Instructions to follow - Leave the pictures aside and copy all the data exactly.

(Web page caption snippets)
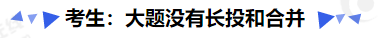 中級會計(jì)考生：大題沒有長投和合并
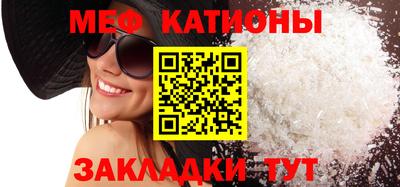 метадон Тара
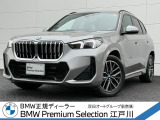 この度は私どもBMW PremiumSelection江戸川の車両をご覧頂きましてありがとうございます。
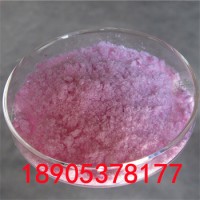 五水硝酸鉺質量可靠 硝酸鉺現貨包郵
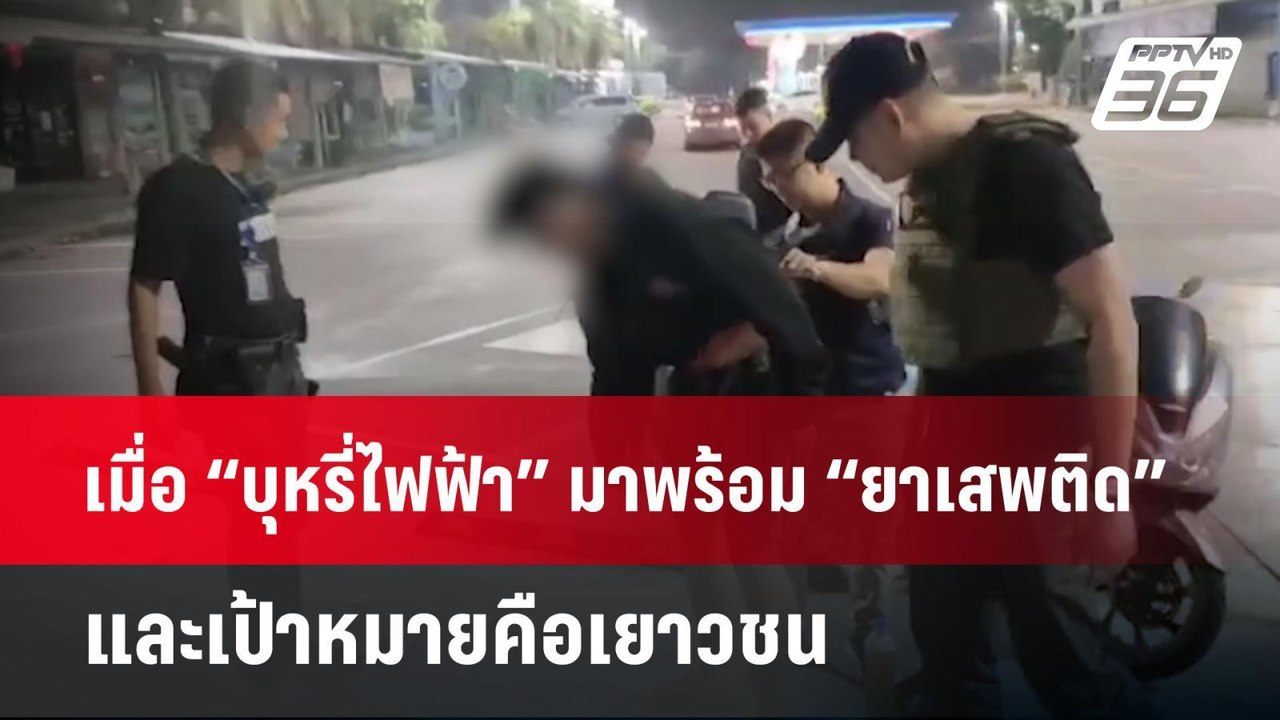 เมื่อ “บุหรี่ไฟฟ้า” มาพร้อม “ยาเสพติด” และเป้าห...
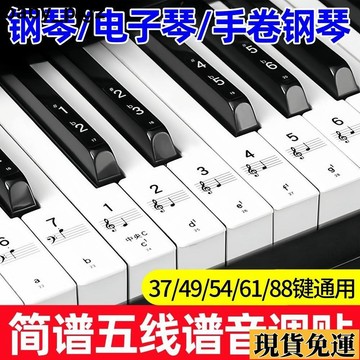 🌺台灣限時低價🌺 納米不留膠88鍵61鍵54鍵鋼琴電子琴鍵盤透明貼紙五綫譜音階簡譜貼 KRZQ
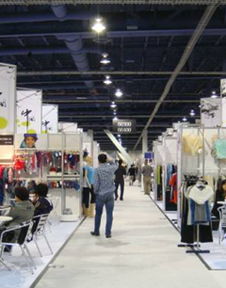 俄羅斯國際輕工紡織博覽會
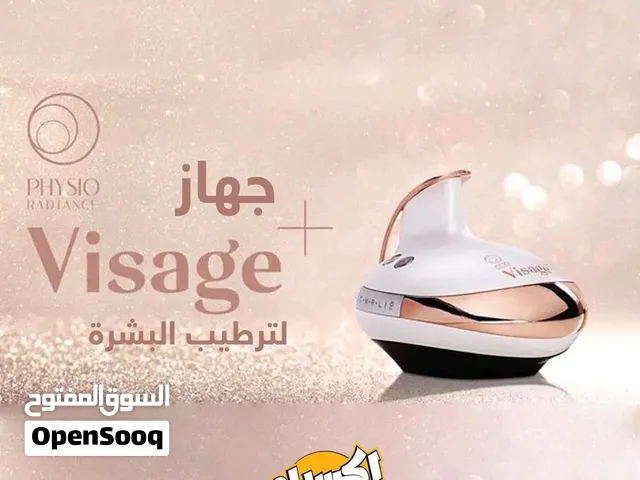 جهاز Visage لترطيب البشرة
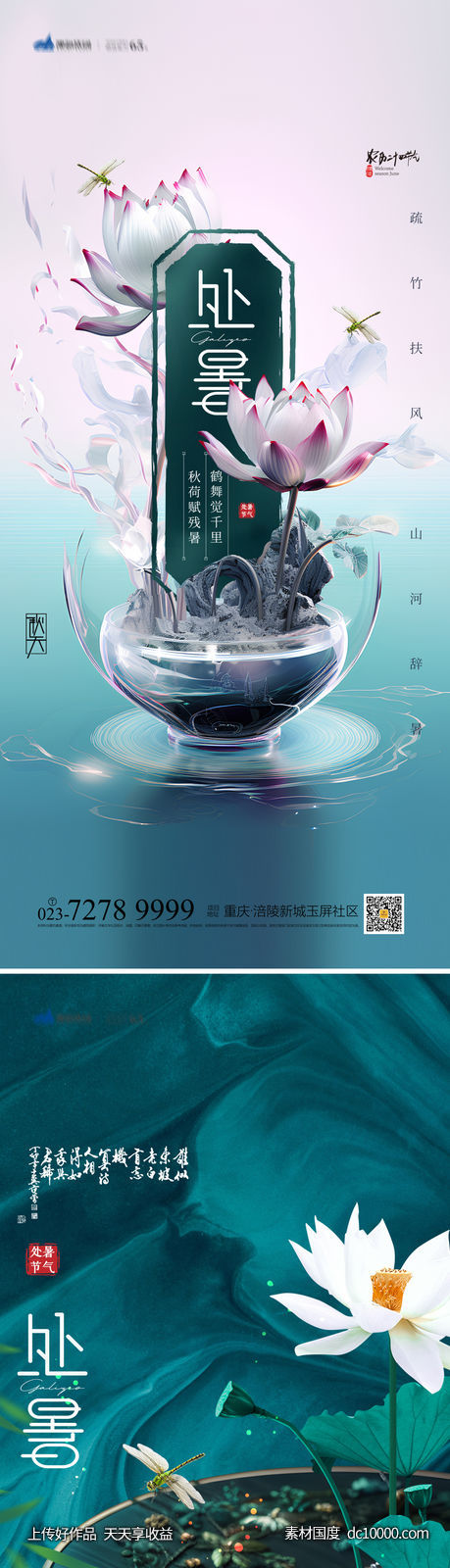 处暑节气海报-源文件-素材国度dc10000.com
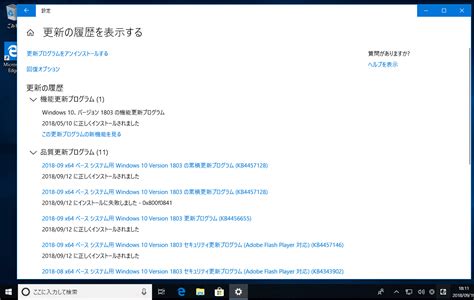 Windows 10のwindows Updateでやってくる「更新プログラム」をまとめてみよう：山市良のうぃんどうず日記（139）（13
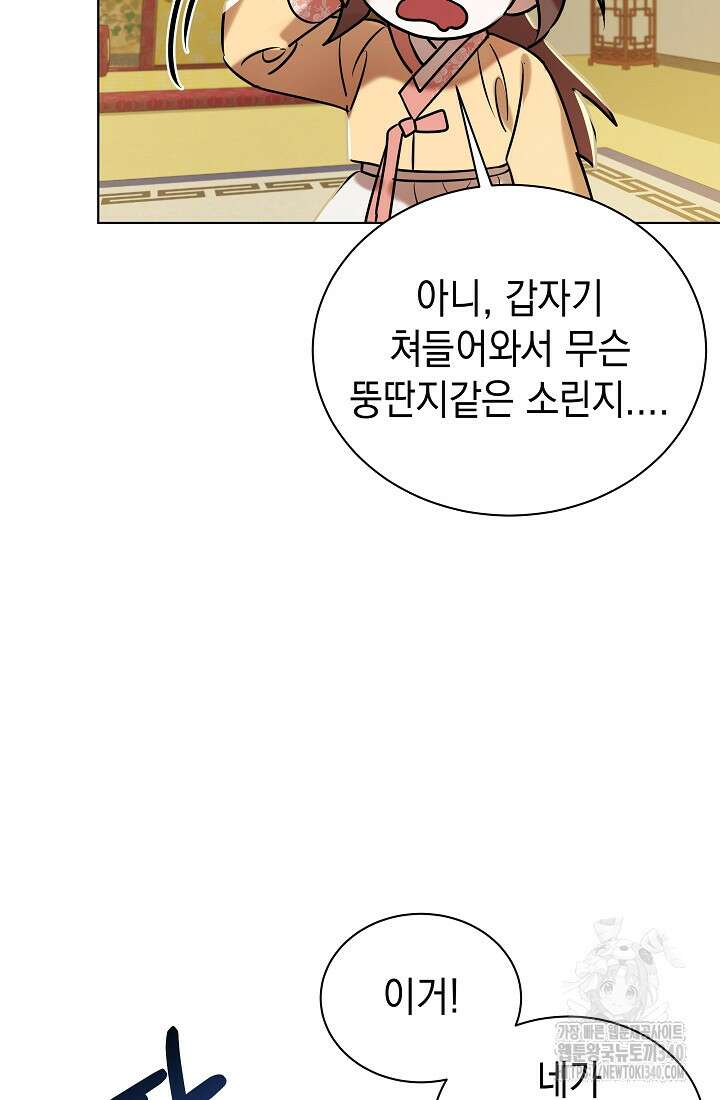 조선춘화실록 7화 52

Completed task -
 中級會計(jì)考生：大題沒有長投和合并
 метадон Тара
 この度は私どもBMW PremiumSelection江戸川の車両をご覧頂きましてありがとうございます。
 五水硝酸鉺質量可靠 硝酸鉺現貨包郵
 เมื่อ “บุหรี่ไฟฟ้า” มาพร้อม “ยาเสพติด” และเป้าห...
 🌺台灣限時低價🌺 納米不留膠88鍵61鍵54鍵鋼琴電子琴鍵盤透明貼紙五綫譜音階簡譜貼 KRZQ
 俄羅斯國際輕工紡織博覽會
 جهاز Visage لترطيب البشرة
 处暑节气海报-源文件-素材国度dc10000.com
 Windows 10のwindows Updateでやってくる「更新プログラム」をまとめてみよう：山市良のうぃんどうず日記（139）（13
 조선춘화실록 7화 52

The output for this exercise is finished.